The above query is logically equivalent to the query below.

SELECT *, RANDOM() AS randomized_value
FROM generate_series(1,10),
  (SELECT setseed(0.5)) as seeder

Both have the result set of:

Table 238: Result set of above SQL queries
generate_seriessetseedrandomized_value
1empty string0.2499104186659835
2empty string0.520017612227381
3empty string0.4611753978720401
4empty string0.22773722382948947
5empty string0.18489966987045392
6empty string0.06851542705898694
7empty string0.12457768622157062
8empty string0.2790778552363484
9empty string0.14696090303700515
10empty string0.6336384228449994

The above queries may warrant a bit of discussion. First, it is rare for me to SELECT FROM two “tables” without a join condition. The generate_series and setseed column come from the generate_series(1,10) and seeder “tables.” The randomized_value is the result of the RANDOM() function.

Now, each time I run it with setseed(0.5) I get the same randomized_value. If I change the 0.5 to 0.75 I get different values, but again each time I run the query with the seed value, I get the same results.

I had my proof of concept. Next came the hard part. Integrating it into the complicated query.

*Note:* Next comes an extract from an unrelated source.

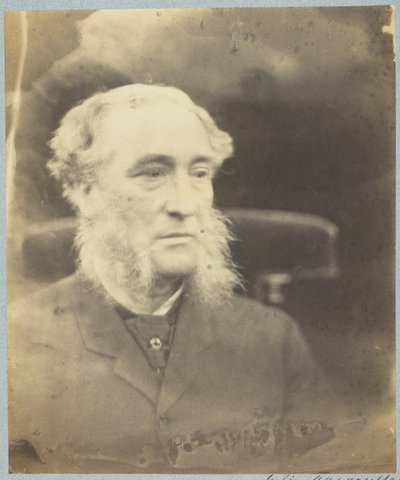 Bilinmeyen Adam, 186466. by Julia Margaret Cameron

“Join” That Result Set into the Existing Articles::Feeds::Variantquery Implementation

This next step took a bit. The primary challenge was in thinking about the result sets.

Conceptually there are two queries happening for the feed:

Inner Query
Get a subset of relevant articles for the given user.
Outer Query
Order that subset of relevant articles for the given user.

To achieve the desired goal, I needed to add the randomized_value to the list of “columns” for the inner query of relevant articles. With that, we could then do the sorting. My implementation constraint is ensuring that the the outer query would be an ActiveRecord::Relation; In sticking to that constraint, I could then use ActiveRecord’s query interface to chain includes, order, where statements. Rather powerful. My solution was to insert a middle query. Again, the inner query is responsible for retrieving the relevant subset. Then the middle query is responsible for appending the randomized_value column to the relevant subset. And finally the outer query could then sort using this new randomized_value instead of RANDOM().

Conclusion

When I started writing this post, I thought I might dump a bunch of SQL. But I did some grooming to highlight the difference.

The original query without the seeded randomizer
SELECT "articles".*
FROM "articles"
INNER JOIN (
      SELECT articles.id, 1 AS relevancy_score
      FROM articles
      LEFT OUTER JOIN user_blocks
	   ON user_blocks.blocked_id = articles.user_id
	   AND user_blocks.blocked_id IS NULL
	   AND user_blocks.blocker_id = 322
      WHERE articles.published = true
	    AND articles.published_at > '2022-05-19 20:12:37.777414'
	    AND articles.published_at < '2022-06-03 20:12:37.777493'
      GROUP BY articles.id, articles.published_at
      ORDER BY relevancy_score DESC,
	       articles.published_at DESC
      LIMIT 50
) AS article_relevancies
  ON articles.id = article_relevancies.id
ORDER BY RANDOM() ^ (1.0 / greatest(articles.score, 0.1)) DESC
The updated query using the seeded randomizer
SELECT "articles".*
FROM "articles"
INNER JOIN (
      WITH seeder AS (SELECT setseed(0.5))
      SELECT inner_article_relevancies.id,
	     inner_article_relevancies.relevancy_score,
	     RANDOM() AS randomized_value
      FROM seeder,
	   (SELECT articles.id, 1 AS relevancy_score
	    FROM articles
	    LEFT OUTER JOIN user_blocks
	    ON user_blocks.blocked_id = articles.user_id
	       AND user_blocks.blocked_id IS NULL
	       AND user_blocks.blocker_id = 322
	     WHERE articles.published = true
	     AND articles.published_at > '2022-05-19 20:12:37.777414'
	     AND articles.published_at < '2022-06-03 20:12:37.777493'
	     GROUP BY articles.id, articles.published_at
	     ORDER BY relevancy_score DESC,
	     articles.published_at DESC
	     LIMIT 50) AS inner_article_relevancies
) AS article_relevancies
  ON articles.id = article_relevancies.id
ORDER BY article_relevancies.randomized_value ^
           (1.0 / greatest(articles.score, 0.1)) DESC

The main difference between the two? The randomization moves from the outer query to the inner query.